**INSTRUCTIONS TO FOLLOW:**
Please transcribe each of the records exactly as given.

[Recorded data]
Content starts

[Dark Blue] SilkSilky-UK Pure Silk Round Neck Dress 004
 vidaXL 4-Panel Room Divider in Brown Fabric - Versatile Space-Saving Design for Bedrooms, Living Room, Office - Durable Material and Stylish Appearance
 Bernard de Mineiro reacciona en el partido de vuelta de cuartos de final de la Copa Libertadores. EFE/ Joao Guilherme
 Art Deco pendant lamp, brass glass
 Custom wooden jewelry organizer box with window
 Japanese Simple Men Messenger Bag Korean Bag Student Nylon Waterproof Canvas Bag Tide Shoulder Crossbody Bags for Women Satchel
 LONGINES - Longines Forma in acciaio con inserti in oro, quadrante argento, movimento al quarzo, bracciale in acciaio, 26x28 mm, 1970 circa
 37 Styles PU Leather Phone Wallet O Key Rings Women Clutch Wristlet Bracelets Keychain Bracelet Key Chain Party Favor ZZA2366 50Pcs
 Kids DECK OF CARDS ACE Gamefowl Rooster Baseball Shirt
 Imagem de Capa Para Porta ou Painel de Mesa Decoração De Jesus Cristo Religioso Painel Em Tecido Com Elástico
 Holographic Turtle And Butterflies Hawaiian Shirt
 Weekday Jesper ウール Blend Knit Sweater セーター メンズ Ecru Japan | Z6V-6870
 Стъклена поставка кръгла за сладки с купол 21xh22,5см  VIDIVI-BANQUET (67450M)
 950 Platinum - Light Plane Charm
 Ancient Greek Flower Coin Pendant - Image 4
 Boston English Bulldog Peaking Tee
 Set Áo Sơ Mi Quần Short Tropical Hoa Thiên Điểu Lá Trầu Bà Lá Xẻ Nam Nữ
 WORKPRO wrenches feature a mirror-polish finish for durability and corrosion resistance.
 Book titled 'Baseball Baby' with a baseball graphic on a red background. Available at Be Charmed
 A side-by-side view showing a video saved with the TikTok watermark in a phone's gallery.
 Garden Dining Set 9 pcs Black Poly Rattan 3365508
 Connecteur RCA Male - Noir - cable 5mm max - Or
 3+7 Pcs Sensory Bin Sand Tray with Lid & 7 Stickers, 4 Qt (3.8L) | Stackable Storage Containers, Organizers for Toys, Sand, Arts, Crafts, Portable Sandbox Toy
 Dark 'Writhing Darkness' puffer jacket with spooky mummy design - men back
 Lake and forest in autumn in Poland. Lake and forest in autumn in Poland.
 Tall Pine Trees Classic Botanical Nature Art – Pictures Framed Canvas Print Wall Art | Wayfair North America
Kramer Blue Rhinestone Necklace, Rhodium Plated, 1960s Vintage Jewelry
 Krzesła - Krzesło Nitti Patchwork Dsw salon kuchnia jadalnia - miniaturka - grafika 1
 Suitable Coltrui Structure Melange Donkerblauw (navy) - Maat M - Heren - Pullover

Content ends

**WRITTEN REPLY:**
[Dark Blue] SilkSilky-UK Pure Silk Round Neck Dress 004
 vidaXL 4-Panel Room Divider in Brown Fabric - Versatile Space-Saving Design for Bedrooms, Living Room, Office - Durable Material and Stylish Appearance
 Bernard de Mineiro reacciona en el partido de vuelta de cuartos de final de la Copa Libertadores. EFE/ Joao Guilherme
 Art Deco pendant lamp, brass glass
 Custom wooden jewelry organizer box with window
 Japanese Simple Men Messenger Bag Korean Bag Student Nylon Waterproof Canvas Bag Tide Shoulder Crossbody Bags for Women Satchel
 LONGINES - Longines Forma in acciaio con inserti in oro, quadrante argento, movimento al quarzo, bracciale in acciaio, 26x28 mm, 1970 circa
 37 Styles PU Leather Phone Wallet O Key Rings Women Clutch Wristlet Bracelets Keychain Bracelet Key Chain Party Favor ZZA2366 50Pcs
 Kids DECK OF CARDS ACE Gamefowl Rooster Baseball Shirt
 Imagem de Capa Para Porta ou Painel de Mesa Decoração De Jesus Cristo Religioso Painel Em Tecido Com Elástico
 Holographic Turtle And Butterflies Hawaiian Shirt
 Weekday Jesper ウール Blend Knit Sweater セーター メンズ Ecru Japan | Z6V-6870
 Стъклена поставка кръгла за сладки с купол 21xh22,5см  VIDIVI-BANQUET (67450M)
 950 Platinum - Light Plane Charm
 Ancient Greek Flower Coin Pendant - Image 4
 Boston English Bulldog Peaking Tee
 Set Áo Sơ Mi Quần Short Tropical Hoa Thiên Điểu Lá Trầu Bà Lá Xẻ Nam Nữ
 WORKPRO wrenches feature a mirror-polish finish for durability and corrosion resistance.
 Book titled 'Baseball Baby' with a baseball graphic on a red background. Available at Be Charmed
 A side-by-side view showing a video saved with the TikTok watermark in a phone's gallery.
 Garden Dining Set 9 pcs Black Poly Rattan 3365508
 Connecteur RCA Male - Noir - cable 5mm max - Or
 3+7 Pcs Sensory Bin Sand Tray with Lid & 7 Stickers, 4 Qt (3.8L) | Stackable Storage Containers, Organizers for Toys, Sand, Arts, Crafts, Portable Sandbox Toy
 Dark 'Writhing Darkness' puffer jacket with spooky mummy design - men back
 Lake and forest in autumn in Poland. Lake and forest in autumn in Poland.
 Tall Pine Trees Classic Botanical Nature Art – Pictures Framed Canvas Print Wall Art | Wayfair North America
Kramer Blue Rhinestone Necklace, Rhodium Plated, 1960s Vintage Jewelry
 Krzesła - Krzesło Nitti Patchwork Dsw salon kuchnia jadalnia - miniaturka - grafika 1
 Suitable Coltrui Structure Melange Donkerblauw (navy) - Maat M - Heren - Pullover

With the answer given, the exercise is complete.